Lookers has issued a trading update indicating the performance of its new vehicle activities deteriorated as the important September selling month progressed. As a result, Q319 new car gross profit fell by £7m compared to the prior year. In addition, it has accelerated its site consolidation and closure plan to improve operational performance and will take a charge of £8m in H219. Despite robust performances by the higher-margin used car and aftersales segments, management cut its FY19 underlying PBT guidance by 50% to £20m. The CEO and COO are both stepping down with immediate effect. The interim executive team and full-time replacements need to focus on restoring internal and external confidence, as well as driving recovery in still-challenging markets.

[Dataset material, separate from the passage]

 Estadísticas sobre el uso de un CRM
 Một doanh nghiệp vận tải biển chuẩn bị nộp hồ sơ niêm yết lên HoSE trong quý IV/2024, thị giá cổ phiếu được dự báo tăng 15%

As the second largest selling month of the year for new cars in the UK, September is crucial to second-half performance. Management had been satisfied with advance orders, but additional sales failed to appear as the month progressed. The impact seems likely to be due to continuing political uncertainty undermining confidence, especially amongst consumers. Lookers’ Q319 like-for-like retail new car unit sales fell 11.5% (H119 -5.6%), with volume brands particularly affected. The £7m drop in gross profit is likely to reflect missed sales target performance payments from manufacturers, exacerbating the continued under-recovery of operational cost inflation that was evident in H119. Used car like-for-like sales and aftersales performance appear to have been more in line with management expectations. We have cut our FY19 and FY20 PBT and EPS forecasts by 52%.
The chairman Phil White and non-executive director Richard Walker are assuming interim executive responsibility. The board has accelerated its portfolio consolidation programme, working with its brand partners, and has earmarked 15 additional underperforming dealerships for closure, with potential relocation or consolidation into adjacent dealerships. The board expects £3m of annual financial benefit and Lookers should then have c £28m of freehold sites available for sale.
The multiple contraction that was apparent for Lookers in 2019 now appears justified by the drop in earnings. Clearly, as the company transitions to a new management team and despite challenging markets, there is scope for significant recovery in profits, although we take a cautious view of FY20.